D’autre part, dans certains pays où les médicaments ne sont pas
remboursés (Etats-Unis par exemple), on reproche aux essais rigides de
faire des patients des rats de laboratoire. En effet, ceux qui ne
peuvent s’offrir les traitements, et qui, de surcroît font partie des
populations les plus exposées (les cinq H notamment : "homosexuels,
haïtiens, héroïnomanes, hémophiles, hookers") participent très
souvent aux essais dans l’espoir de recevoir un traitement efficace.
Certains ont trouvé scandaleux de recevoir un placebo, et estiment
avoir été traités comme de la marchandise.
Des médecins, souvent des praticiens au contact des patients, mettent en lumière les dégâts humains qui résultent de l’obstination des protocoles d’essais rigides.
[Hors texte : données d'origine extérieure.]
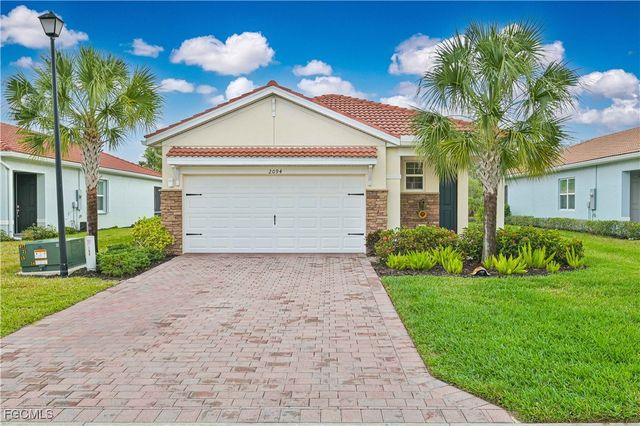 2094 Summersweet Dr, Alva, FL 33920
Claire Katlama, infectiologue à la Pitié Salpêtrière dénonce « un purisme méthodologique pour obtenir des résultats déjà connus ». Les réponses apportées par les programmes de recherche ne correspondent pas toujours aux besoins sur le terrain.
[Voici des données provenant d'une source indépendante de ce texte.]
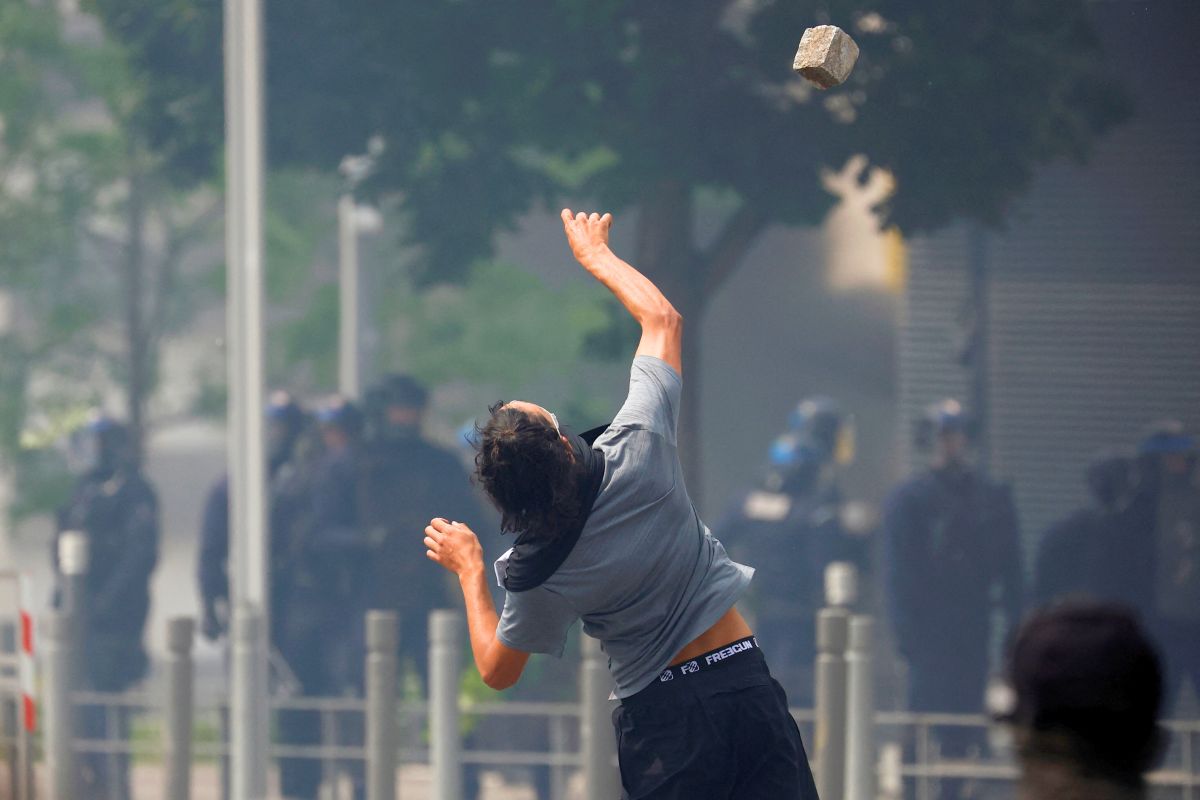 تصاعد أزمة مقتل "المراهق نائل" في فرنسا (صور)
À partir de 1990, on commence à mesurer avec plus de précision
l’efficacité des traitements car on a accès plus facilement à la charge
virale. En effet, en parallèle aux études sur de nouvelles molécules,
des études portées sur les mécanismes d’action du virus ont montré que
le virus s’attaquait aux CD4, qui jouent un rôle fondamental dans le
système immunologique (voir pré-requis scientifiques).
Le seul moyen pour éviter d’être totalement immunodéprimé est de
limiter l’invasion du système immunitaire par le virus. Il faut donc
chercher à limiter la charge virale.
On se rend rapidement compte que les meilleures solutions consistent à associer plusieurs molécules. Ce constat constitue un frein pour les essais rigides. En effet, l’association de plusieurs molécules est complètement exclue des essais rigides.
L’évolution de la médecine et de ses outils conduit à remettre en cause ces pratiques et à mettre en place une nouvelle méthode pour les essais : on teste dorénavant des combinaisons de molécules sur un temps court en retenant un unique critère, la charge virale.
Qui sont ces médecins qui ont œuvré pour l’assouplissement des
protocoles ? Il s’agit souvent d’anciens cliniciens qui se
sont opposés à la modernité thérapeutique et ses essais thérapeutiques.
Ils n’ont pas systématiquement participé aux programmes menés par
l’ANRS, ont parfois cherché des financements à l’étranger pour mener
des essais plus souples dès le début. C’est ce groupe d’indépendants,
restés discrets alors que les essais rigides avaient le vent en poupe,
qui reprend la main. Il s’agit d’un ensemble assez hétérogène, peu
fédéré.
Certains d’entre eux ont d’ailleurs des parcours atypiques, sans jamais de positions très tranchées ou durables. C’est le cas du docteur Daniel Vittecoq. Il s’est tenu à l’écart de l’ANRS, mais a joué un rôle capital dans les institutions étatiques de la modernité puisqu’il a été dans les hautes sphères de l’Agence du médicament. Il a été parmi les premiers à se positionner en faveur de la charge virale comme seul critère pertinent. Parallèlement à ceci, il a créé, dès 1985, Arcat-Sida, Association de recherche, de communication et d'action pour l'accès aux traitements. Cette association a pour but, entre autres de soutenir la recherche. (Voir association de patients) par sa participation au collectif TRT-5. Cette association tient notamment un registre qui recense l’ensemble des essais thérapeutiques réalisés en France, aussi bien par les institutions publics que les laboratoires.